When 1.375g CaO is added to 50 mL water at 25.0 degree C, the temperature of the water increases to 34.6 degree C. Given the specific heat is 4.184 j/g*degree C, how much heat is absorbed by the calorimeter?
q = mass H2O x specific heat H2O x (Tfinal-Tinitial) is the heat absorbed.
Then q/1.375 is heat absorbed per gram CaO and that x molar mass CaO is heat absorbed per mol CaO. I think those questions would follow although you didn't post them yet.
To find out how much heat is absorbed by the calorimeter, we need to calculate the heat gained by the water and then subtract it from the total heat gained by the system.
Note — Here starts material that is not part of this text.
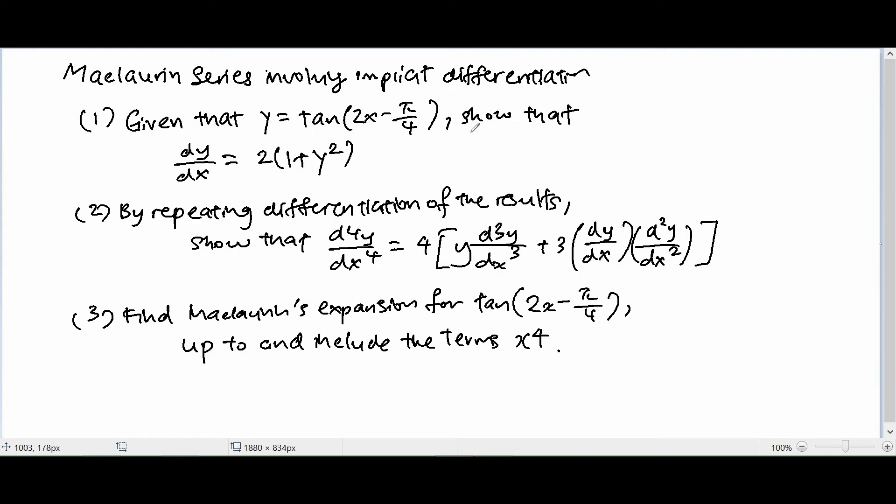Hey guys, my name is Bob. Welcome to the Excel of Man channel. Today I'm going to talk about tackling a McLaurin series question that involves repeated implicit differentiation.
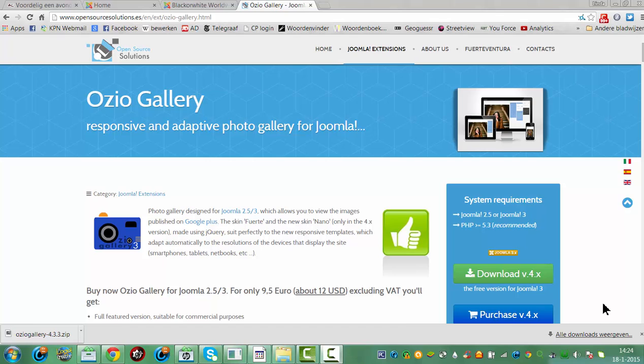Hi and welcome to this tutorial. Today I'm going to install OseoGallery to my online Joomla 3 website.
To calculate the heat gained by the water, we can use the formula:
Q = m * c * ΔT
where:
Q is the heat gained by the water
m is the mass of the water
c is the specific heat of water
ΔT is the change in temperature
In this case, the mass of water is given as 50 mL, so we need to convert it to grams by considering the density of water, which is approximately 1 g/mL.
mass of water = volume of water * density = 50 mL * 1 g/mL = 50 g
The specific heat of water, c, is given as 4.184 J/g*°C.
The change in temperature, ΔT, can be calculated by subtracting the initial temperature from the final temperature:
ΔT = final temperature - initial temperature = 34.6 °C - 25.0 °C = 9.6 °C
Now, we can calculate the heat gained by the water:
Q = 50 g * 4.184 J/g*°C * 9.6 °C = 2013.12 J
This means that 2013.12 Joules of heat are gained by the water.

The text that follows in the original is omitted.